A moeda como fato social total na crise Argentina de 2001/02 e na sua resolução

AutorJaime Marques Pereira
CargoProfessor da Université de Picardie Jules Verne ? CRIISEA
Páginas53-78

Page 54

Introduction

Starting from the vision of money as total social fact, this work studies the 2001/2002 Argentine monetary crisis as a coordination crisis. It re-examines in this way the question of market adjustments at the level of the money functions’ integration.

The setting of a definition of money as a total social fact poses the unit of account as a variable and not as a data. The account function may in this way be studied as an organizer of the price system: it specifies how prices depend on the confidence into money, operating in credit and titles’ evaluation. The information delivered by prices is therefore a coordination of knowledge about the economy (the plans of agents). The object of the anticipation cannot from then be reduced to a simple calculus of futures’ utilities. It’s about interpretations — the economy is a hermeneutic.

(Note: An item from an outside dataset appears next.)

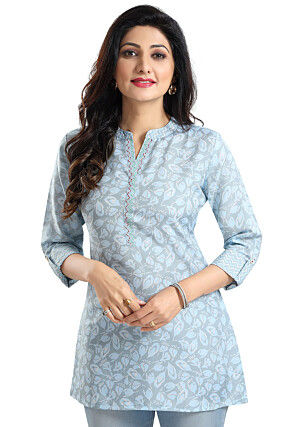Printed Rayon Kurti in Light Blue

Reversals of anticipations operating in a financial crisis must be, in this sense, defined as reevaluations revealing erroneous interpretations.

This analytical grid of a particular systemic crisis shows what it has in common with other cases: an ignorance of the systemic risk at the basis of distributive compromises constitutive of a monetary regime. These compromises are about promises of revenues that economic theory justifies. In this cognitive performance, the neo-quantitative theory of money is the lever of a major institutional change as to the governing of anticipations.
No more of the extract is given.